Home improvement chain Lowe’s Cos Inc, which last month reported worse-than-expected quarterly sales, has sought a boost in Canada where it has 28 locations. It has about 1,700 stores in the United States.
“Canada is going well,” Lowe’s Chief Executive Robert Niblock told Reuters last month. “We have got many more stores in the pipeline.”
The United States has nine times as many people as Canada’s population of about 34 million.
But compared to a U.S. economy in danger of tipping into a double-dip recession, Canada is holding up much better, even though it is vulnerable to any U.S. slowdown. It also has regained all the jobs lost in the 2008-09 recession.
Its currency has traded at nearly the same value as the U.S. dollar for years, flattering the top lines of retailers that report their results in greenbacks.
Zale Corp, which owns Peoples Jewellers, Canada’s largest jewelry chain, said the Canadian dollar added 1 percentage point to its sales gains in established stores last fiscal year.
Zale gets 17 percent of its sales north of the border, where its stores generated on average $1.4 million last year, compared with $1.2 million stateside at its Zales chain.
Upscale jewelry store chain Tiffany & Co this year opened a store in Calgary to tap that oil boomtown’s growing wealth.
To be sure, Canada’s economic picture is far from perfect. Unemployment rose to 7.3 percent in August, and Canadian retail sales slipped 0.6 percent in July, a steeper-than-expected drop.
Cultural differences might be a constraint. Consumer spending accounts for 58 percent of Canada’s gross domestic product, compared with 70 percent in the United States. Even so, that might suggest more room for growth if Canadians adopt the free-spending ways of their American neighbors.

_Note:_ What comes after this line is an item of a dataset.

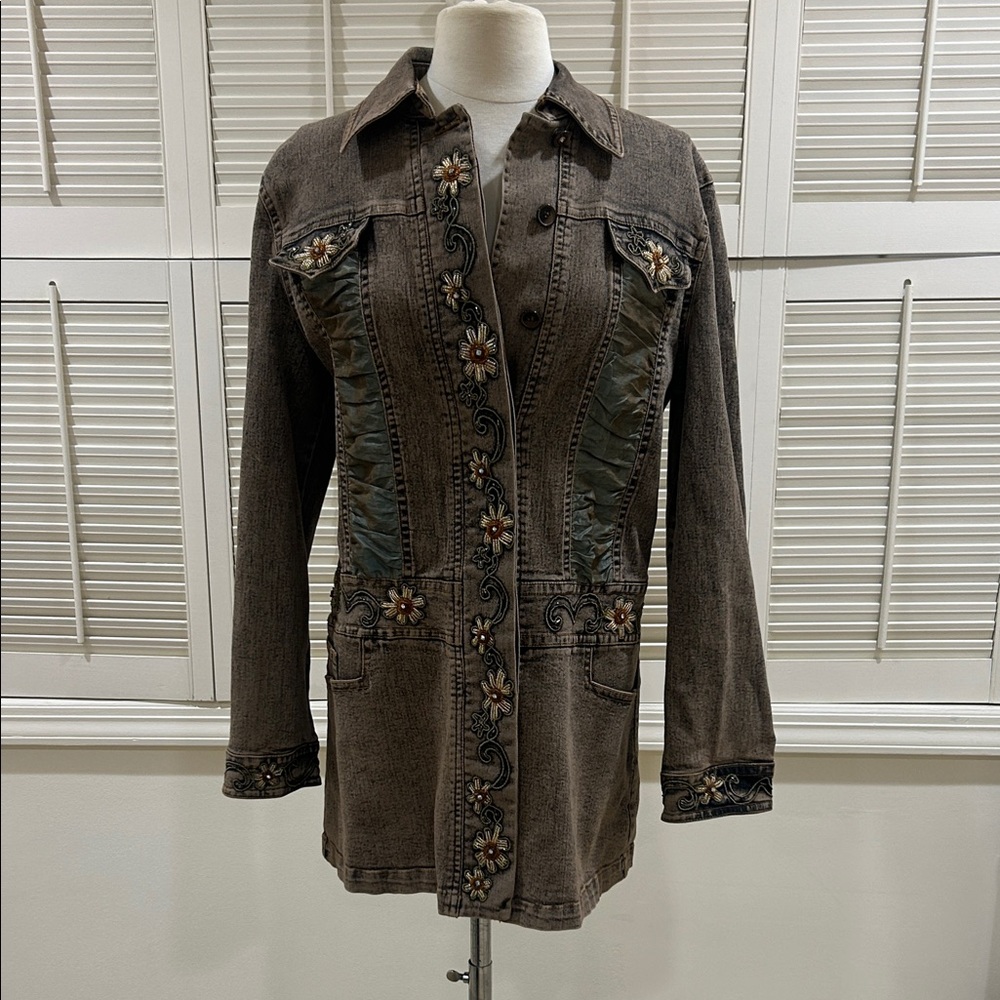 Promocioro Vintage Embroidered beaded Brown Women's Jacket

For retailers, one of the attractions is that they often can charge higher prices than in the United States for the same products, much to the chagrin of consumers.

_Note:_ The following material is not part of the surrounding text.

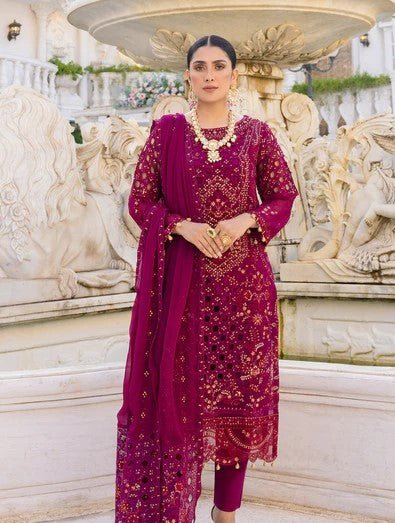 EMA Zimal plum colour hand embellished luxury formal shalwar kameez in chiffon fabric with embroidered dupatta in sizes (M to 8XL) womenswear traditional plus size clothing wedding and party wear - AdoreByKhwahish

J. Crew Group Inc, which last month opened its first Canadian store, annoyed Canadian shoppers with its higher prices. The company told Toronto’s Globe and Mail newspaper that prices would remain about 15 percent higher because of the costs of doing business in Canada.
Canadian shoppers prize value, making the country “fertile ground” for lower-price chains, said John O‘Bryan, vice chairman of commercial real estate firm CBRE Canada.
That’s one reason that the trend of expanding in Canada is most evident among discount retailers.
Target Corp plans to open up to 150 outlets. Wal-Mart has some 329 stores in Canada, with more to come.
TJX Cos Inc, earlier this year opened its first Canadian location for its Marshalls discount department store chain, and believes the market could sustain 100 stores.
For chains considering their first venture outside the United States, Canada is an obvious destination. Retailers and analysts say Canadians are familiar with U.S. names, in part because thousands of them make cross-border shopping trips every year to take advantage of lower prices and greater selection in the states.
“Canadians have been shopping Express for years. We see a lot of Canadian activity around our border locations,” said Express spokeswoman Barbara Coleman. Express may open up to 50 stores within five years.
But the push also stems from a concern among retailers that spot locations are becoming more scarce.
“There is limited real estate,” said Daniel Baer, Canadian retail and consumer products leader at Ernst & Young. “They want to be in certain key malls where space is limited.”
Working with Canadian commercial real estate developers is different than with U.S. developers, Nordstrom Chief Financial Officer Michael Koppel said at a conference earlier this month.
The upscale retailer, which is opening fewer full-service department stores at home, started looking north last year.
“It’s going to take us some time,” Koppel said. “But it’s something we’re very committed to and putting a lot of energy behind.”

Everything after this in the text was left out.